Kagame meets with US Special Envoy to the Great Lakes

President Kagame, yesterday, received US Special Envoy to the Great Lakes Region at Village Urugwiro in Kigali.

Thursday, August 20, 2015
President Kagame with US Special Envoy to the Great Lakes Region at Village Urugwiro in Kigali yesterday. (Village Urugwiro)

President Kagame, yesterday, received US Special Envoy to the Great Lakes Region at Village Urugwiro in Kigali.

Speaking to the media following the meeting, Thomas Perriello said that his discussions with President Kagame focused on the current political and security crisis in Burundi, the issue of the FDLR militia still roaming freely in eastern DR Congo, and how to bring about economic development in the Great Lakes region.

Perriello was appointed US Special Envoy to the Great Lakes Region early last month and he met President Kagame as part of his efforts to better understand issues in the region.

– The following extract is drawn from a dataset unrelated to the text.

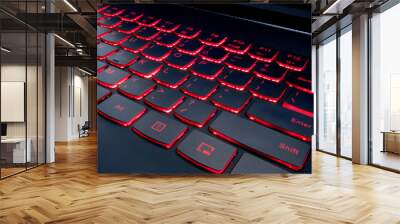 Gaming red keyboard with red button Wall mural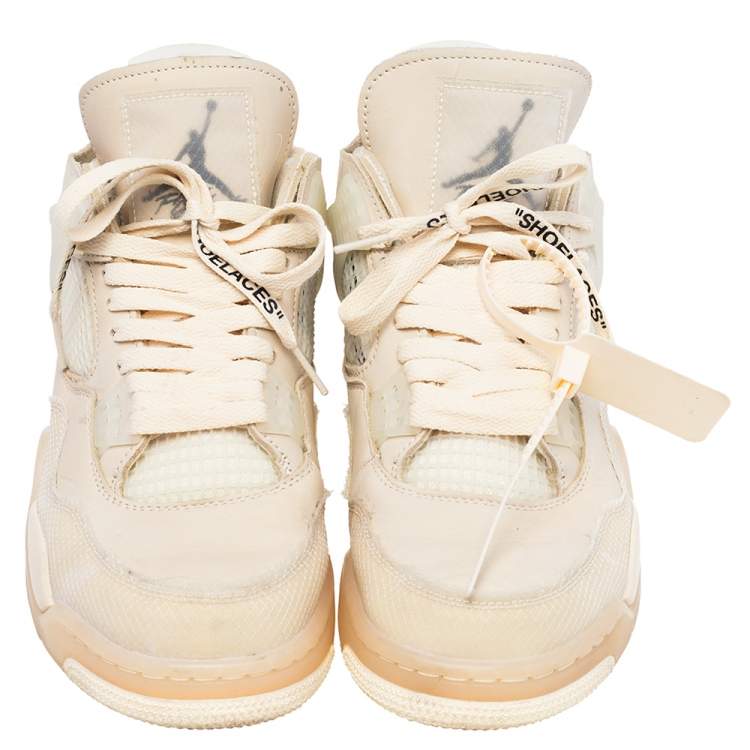 Pre Owned Air Jordan x Off White Beige Leather And Mesh 4 Retro Sail Sneakers Size 43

On Burundi, Periello added that there is a need for great urgency to resume political dialogue to end the crisis in the country, and for regional leaders and the international community to support Burundians to peacefully resolve their conflict.

He said that Burundi was at a critical stage where it needs support from regional leaders and members of the international community if the government there and its opponents are to reach a peaceful resolution.

"The most important issues right now are for leaders on all sides to seek peaceful solutions and eschewing violence,” Periello said.

"But this is something that is going to have to involve all partners in the region as well as inside Burundi and the United States, the UN, and other members of the international community,” he added.

Ugandan President Yoweri Museveni has been mediating talks warrying parties in Burundi and recently delegated his defence minister, Crispus Kiyonga, to represent him at the negotiations in the capital Bujumbura.

Speaking about the issue of FDLR, a Rwandan militia based in eastern DR Congo which is made up of remnants of perpetrators of the 1994 Genocide against the Tutsi in Rwanda, the American diplomat described fighting the militia as long overdue.

"It is the position of the United States Government to pursue that issue and understand that it is something that has been around for far too long as a cause of instability; we will continue to push for progress and express our frustration where we don’t see that progress being made,” he said.

Several deadlines given by the UN and the International Conference of the Great Lakes Region (ICGLR) for members of the FDLR to voluntarily lay down arms and repatriate to Rwanda have been ignored.